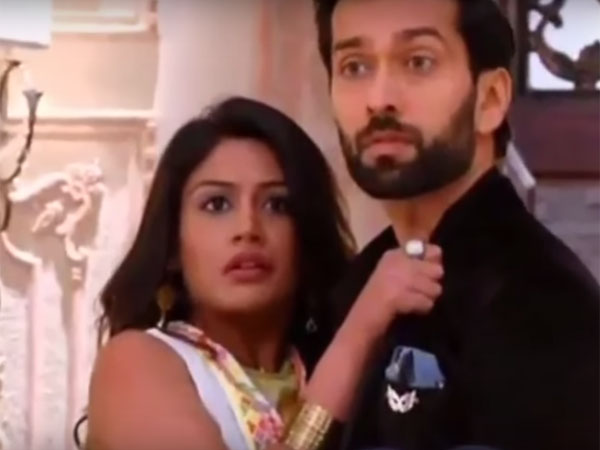 Shivaay & Anika's Embarrassing Moment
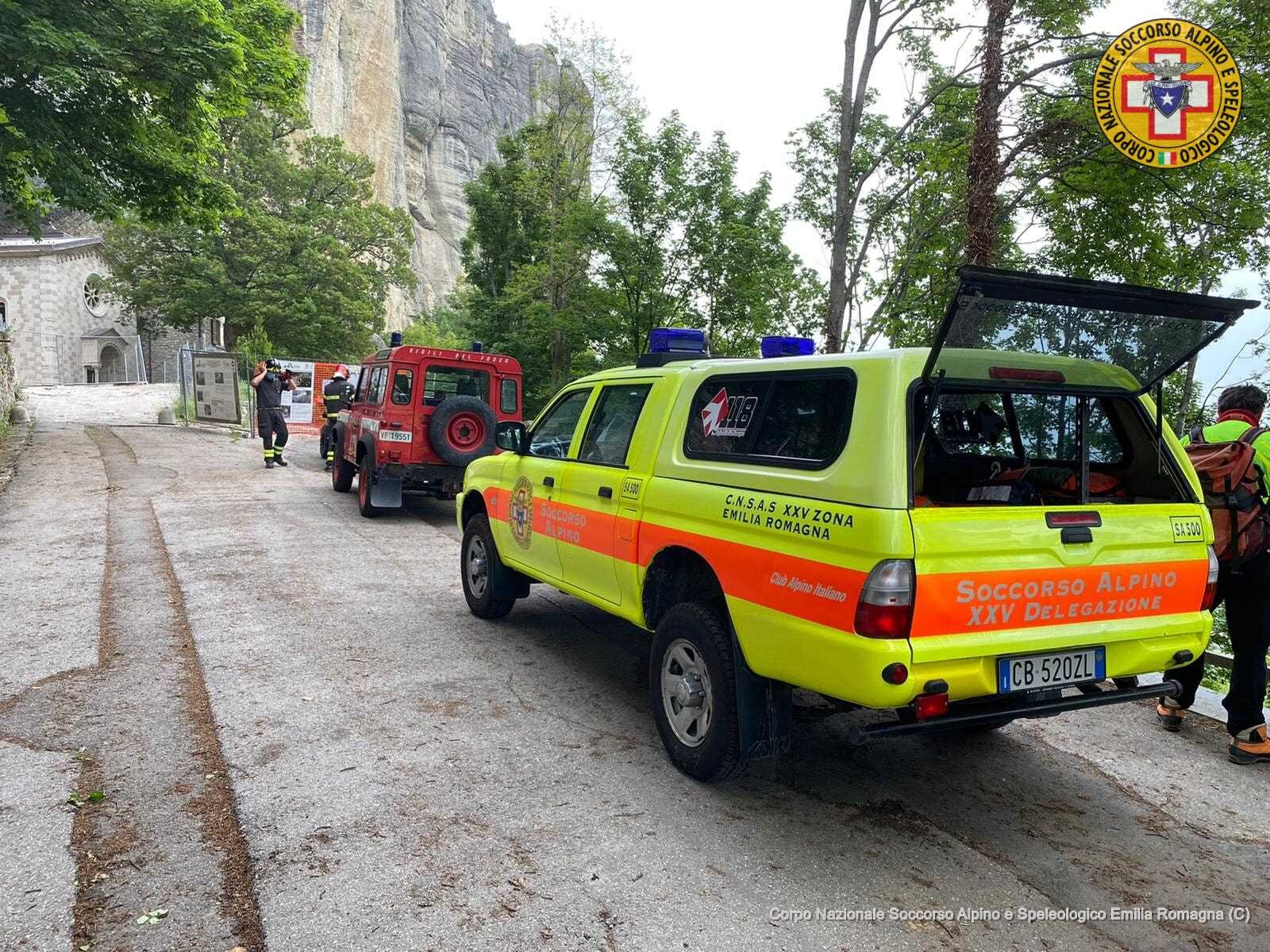 18 maggio 2020. Pietra di Bismantova (Castelnovo Monti - Re). Cade durante l'arrampicata, trasportato in ospedale.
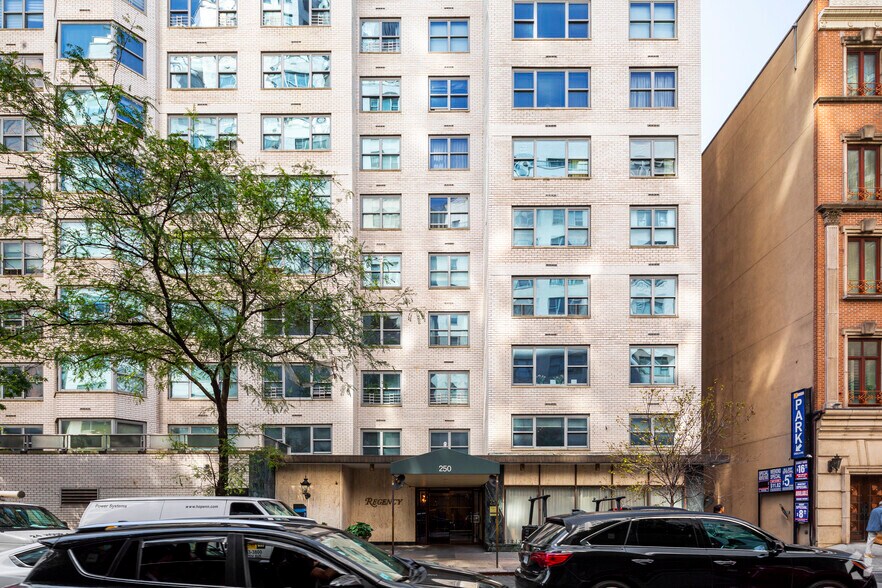 More Photos Of 1183-1191 2nd Ave, New York Apartments For Lease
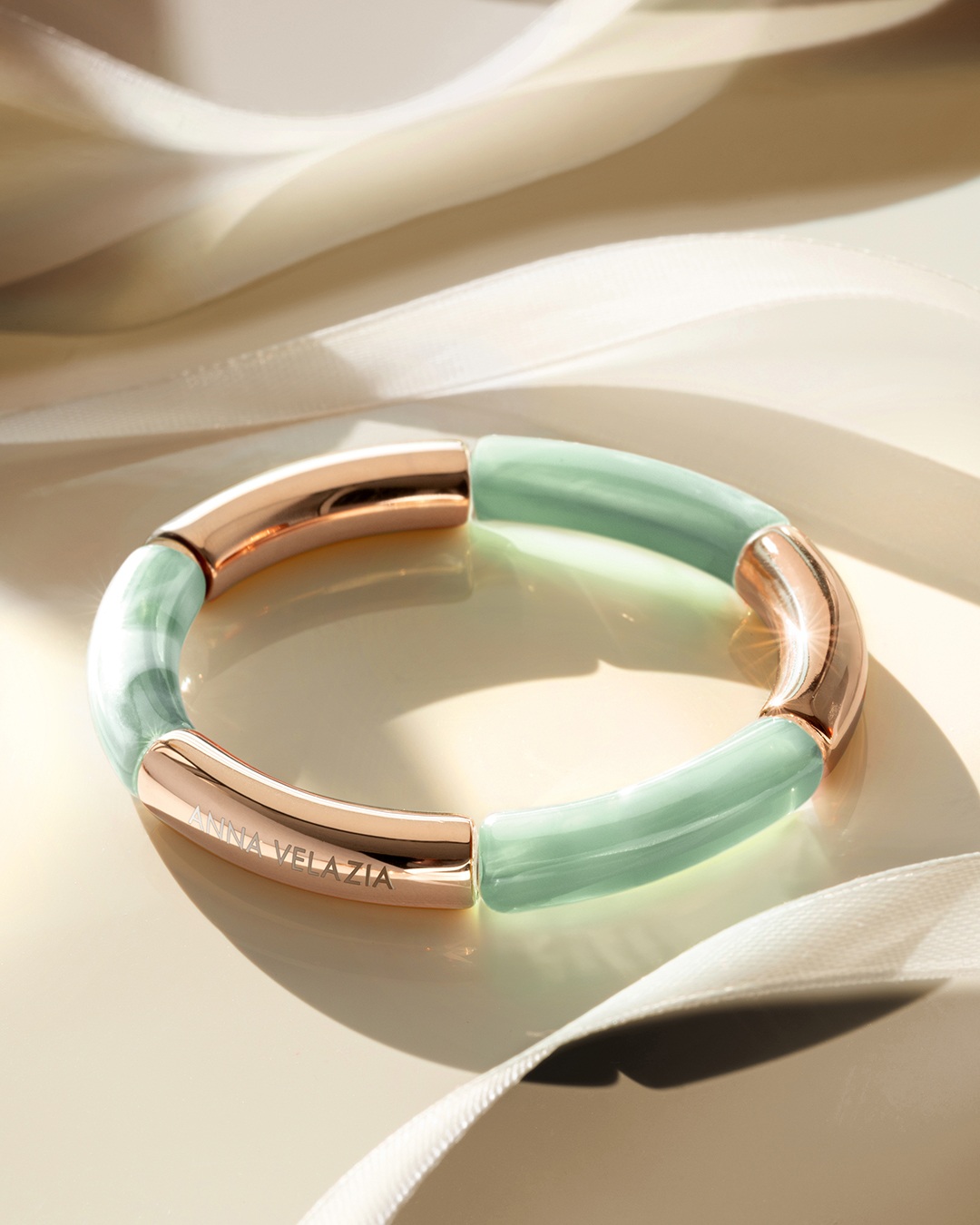 Packshot Bracciale Acetato  Verde mandorla Savia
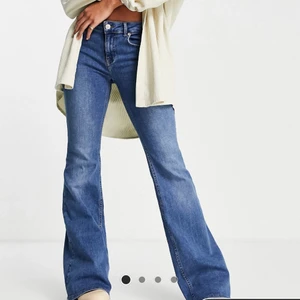 Lågmidjade bootcut jeans - Säljer dessa slutsålda lågmidjade bootcut jeansen som är köpta på ASOS, de är i storlek 38 skriv för egna bilder❤️❤️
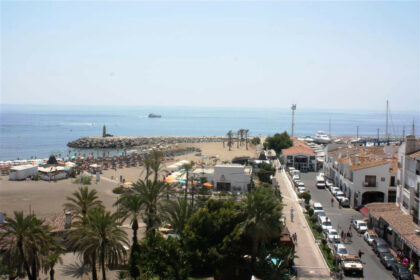 043ed4c53085f0f0df0b8c2fad83a928 - 14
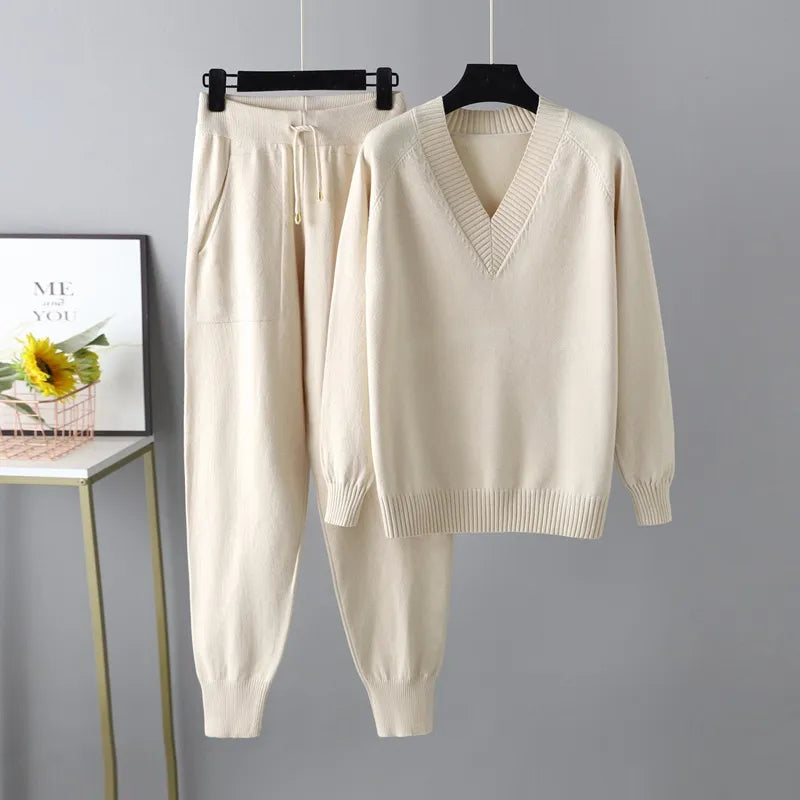 Tundraloom Knitted Set - Bentley Maxwell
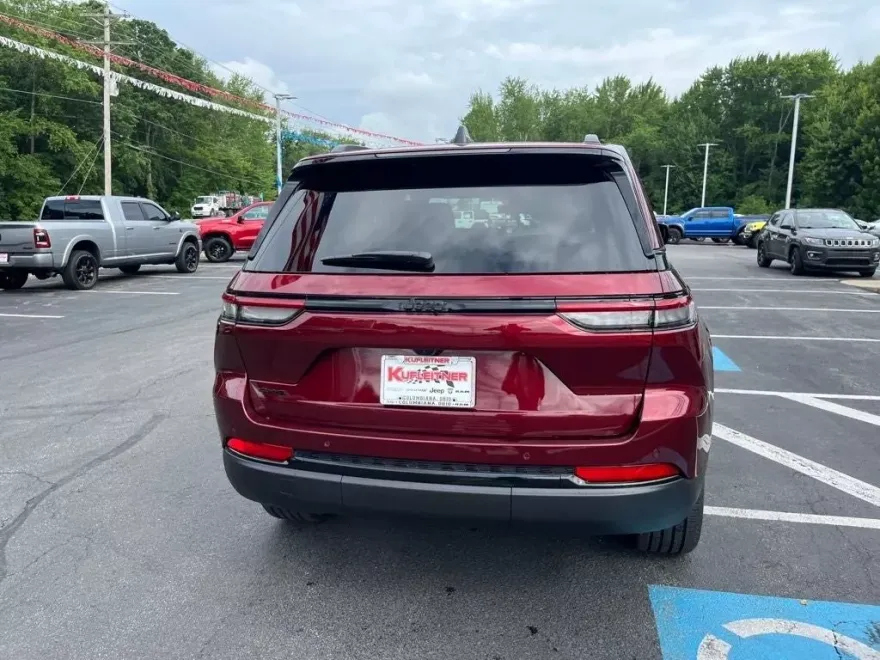 2025 Jeep Grand Cherokee Laredo X photo 1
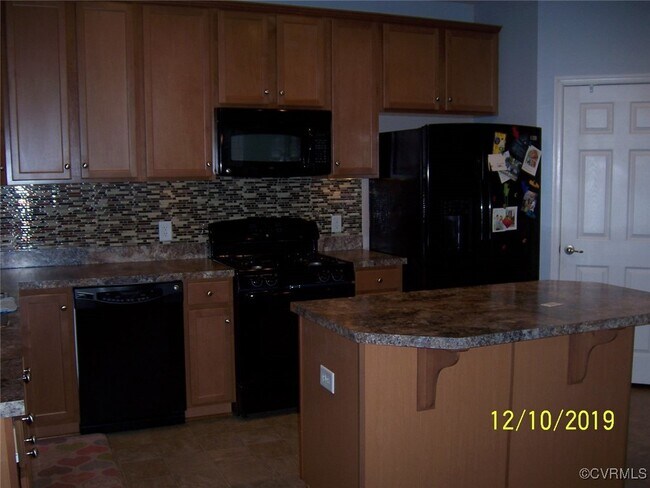 Building Photo - 3911 Fish Pond Ln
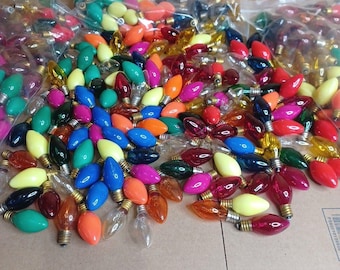 Lot 140 Colored Christmas Light Bulbs - C 7 Show Light Multicolor Some Blink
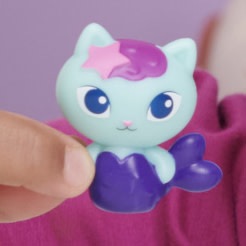 Actual product image Spin Master Gabby's Dollhouse, personaggio Pandy Paws da collezione da 5,1 cm, giocattolo per bambine e bambini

● ● ● ●

## [Activity]
Starting at the line that contains "Building Photo - 3911 Fish Pond Ln", transcribe each line through the last one of the entries above, exactly and without pictures.

## [Result of the exercise]
 Building Photo - 3911 Fish Pond Ln
 Lot 140 Colored Christmas Light Bulbs - C 7 Show Light Multicolor Some Blink
 Actual product image Spin Master Gabby's Dollhouse, personaggio Pandy Paws da collezione da 5,1 cm, giocattolo per bambine e bambini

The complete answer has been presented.